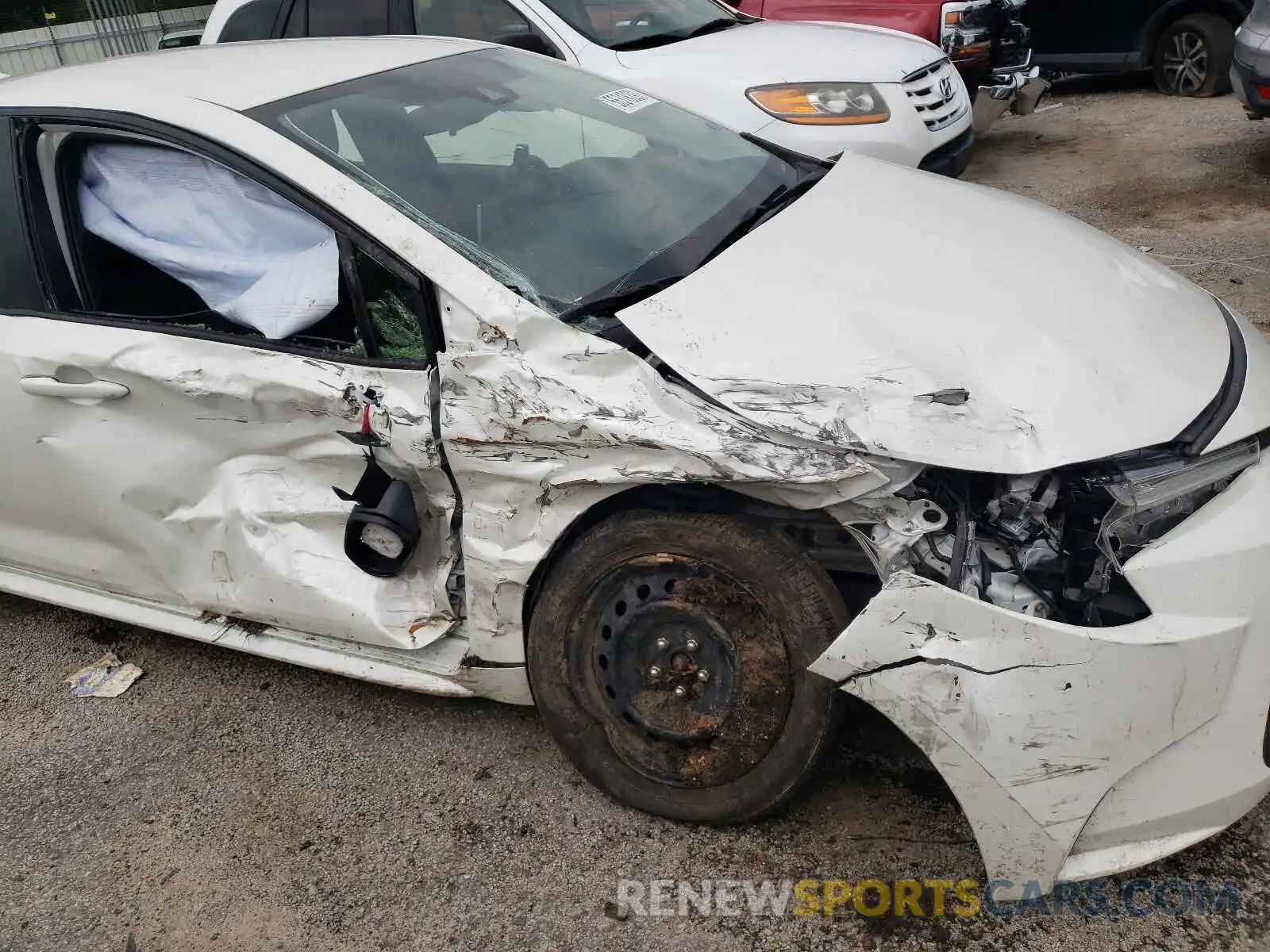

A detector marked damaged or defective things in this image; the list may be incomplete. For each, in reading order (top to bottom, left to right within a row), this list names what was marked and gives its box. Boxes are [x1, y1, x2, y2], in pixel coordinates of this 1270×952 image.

bent hood [616, 19, 940, 86]
deployed airbag [77, 140, 340, 336]
bent hood [619, 153, 1238, 476]
exposed wheel well [518, 482, 883, 641]
crumpled front fender [810, 571, 1245, 895]
cracked bumper [810, 457, 1270, 889]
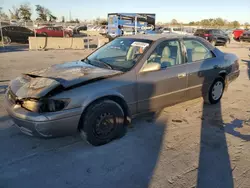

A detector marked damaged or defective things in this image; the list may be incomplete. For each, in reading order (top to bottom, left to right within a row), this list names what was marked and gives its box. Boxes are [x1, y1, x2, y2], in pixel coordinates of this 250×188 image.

crumpled hood [9, 61, 122, 99]
damaged toyota camry [3, 34, 238, 145]
damaged bumper [4, 93, 82, 137]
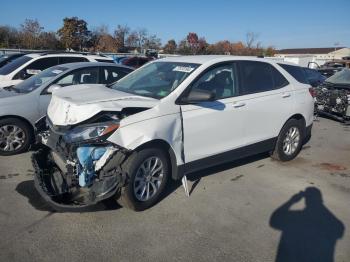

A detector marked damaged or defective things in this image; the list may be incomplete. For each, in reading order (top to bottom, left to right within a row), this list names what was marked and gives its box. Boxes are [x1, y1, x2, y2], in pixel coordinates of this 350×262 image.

detached bumper [31, 147, 123, 213]
damaged front end [31, 113, 129, 211]
broken headlight [64, 122, 120, 143]
crumpled hood [47, 83, 160, 125]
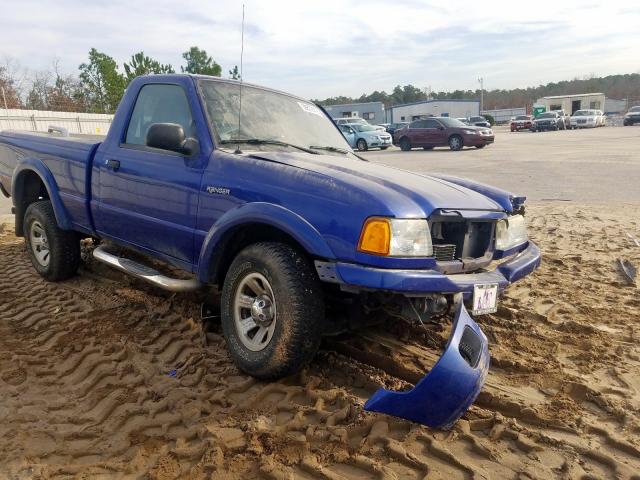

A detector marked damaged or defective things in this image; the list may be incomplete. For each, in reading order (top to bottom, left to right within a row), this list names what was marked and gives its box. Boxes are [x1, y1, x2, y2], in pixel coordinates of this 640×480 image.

detached front bumper [320, 240, 540, 300]
damaged front end [364, 294, 490, 430]
detached front bumper [364, 298, 490, 430]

-------------------------

-- What this task involves --
From the first record to the last, retype everything exactly except the images.

-- Written solution --
A detector marked damaged or defective things in this image; the list may be incomplete. For each, in reading order (top to bottom, left to right within a row), this list names what was marked and gives its box. Boxes are [x1, y1, x2, y2], in pixel coordinates of this 1270×952 image.

bent hood [616, 19, 940, 86]
deployed airbag [77, 140, 340, 336]
bent hood [619, 153, 1238, 476]
exposed wheel well [518, 482, 883, 641]
crumpled front fender [810, 571, 1245, 895]
cracked bumper [810, 457, 1270, 889]

A detector marked damaged or defective things in this image; the list may be incomplete. For each, in reading order (top to bottom, left to right within a row), this list names what was marked and gives its box. Boxes are [x1, y1, x2, y2], in pixel coordinates of this 250×188 image.

crumpled hood [9, 61, 122, 99]
damaged toyota camry [3, 34, 238, 145]
damaged bumper [4, 93, 82, 137]

A detector marked damaged or defective things in this image; the list may be incomplete. For each, in reading order (top to bottom, left to right within a row), this list names what was marked and gives its box. Boxes are [x1, y1, x2, y2], in pixel coordinates of this 350×262 image.

detached bumper [31, 147, 123, 213]
damaged front end [31, 113, 129, 211]
broken headlight [64, 122, 120, 143]
crumpled hood [47, 83, 160, 125]

A detector marked damaged or defective things in this image; the list may be incomplete. For each, in reading order (top to bottom, left to right within a row), this list names what was marked and gives its box. Boxes are [x1, y1, x2, y2], in pixel coordinates of this 640×480 image.

detached front bumper [320, 240, 540, 300]
damaged front end [364, 294, 490, 430]
detached front bumper [364, 298, 490, 430]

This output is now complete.